Ghosh draws a contrast between the films of today and those directed by Satyajit Ray, for instance, in which climate and weather events often formed recurrent motifs: “In Pather Panchali , the rains and the storms become a part of the narrative. In Ashani Sanket , it is the 1943 famine which became the subject of discussion. But today, our filmmakers and writers view their work as being more about human feelings and interiority. Our placement within a natural world has increasingly receded in our consciousness.”

Not that there are no writers who have attempted to integrate ecological concerns into their works. Ghosh referred to Herman Melville’s Moby Dick , featuring a white whale, as one example of a novel that showed how man and animal were on a par with each other. “Captain Ahab and Moby Dick are mirror images of each other in the novel,” Ghosh says, pointing to how Melville was perhaps ahead of his times when it came to how he portrayed “the wild”.

The 2004 tsunami In fact, Ghosh had written >a series of articles in The Hindu about the impact of the tsunami on the Andaman and Nicobar islands in 2004. Reminded of his writings about the tribes that lived inland being left virtually untouched by the disaster, while those living by the sea had died, he recalls: “What was striking in this island called Malacca that had been devastated by the tsunami is that all the people who were hit were from outside the island.

It shows how our patterns of civilisation have made us completely unprepared to face such disasters.” He points to the increasing development activities taking place along the coast, rendering inhabitants more vulnerable to such calamities.

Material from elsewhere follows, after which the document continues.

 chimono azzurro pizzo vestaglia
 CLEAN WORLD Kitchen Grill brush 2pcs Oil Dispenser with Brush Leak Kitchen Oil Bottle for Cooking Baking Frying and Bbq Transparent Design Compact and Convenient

The Paris agreement As for the present, specifically inter-government efforts to address the climate crisis, in The Great Derangement , Ghosh is fairly dismissive of the 2015 Paris agreement as an impossible goal that merely facilitates a neoliberal world order to enrich itself via business opportunities in renewables. “The language and wording of the agreement make no reference at all to whether the current economic model is working or to the fact that something has gone profoundly wrong,” he says. “It is an achievement in certain respects in that nobody can now credibly deny that climate change is human-induced, but the [Paris] agreement does nothing to change our current patterns of consumption. Rather, it is only about how we could continue to fuel our current consumption levels with the use of solar or other sustainable forms of energy.” The fact of the matter is everyone has collectively woken up to the reality that things were once under our control but at this point it seems too late even to intervene. “We have set in motion chains of causality whose ends we cannot see,” Ghosh concludes poignantly, on where humanity’s collective greed is going to lead us to.

As the conversation ends, Gabriel Garcia Marquez’s One Hundred Years of Solitude comes to mind. It is a reminder of what Aureliano (II) feels when he finally translates the scrolls of Melquíades, the prophetic gypsy. The gypsy had foreseen the whole history of the man’s family, including that one day he would have a baby with a pig’s tail, something his great-grandmother had once feared. As Aureliano (II) finishes reading the scrolls, the house, and the rest of the town he lives in are wiped away by a hurricane; he deciphers the prophecy concerning his future when it is too late to do anything about it.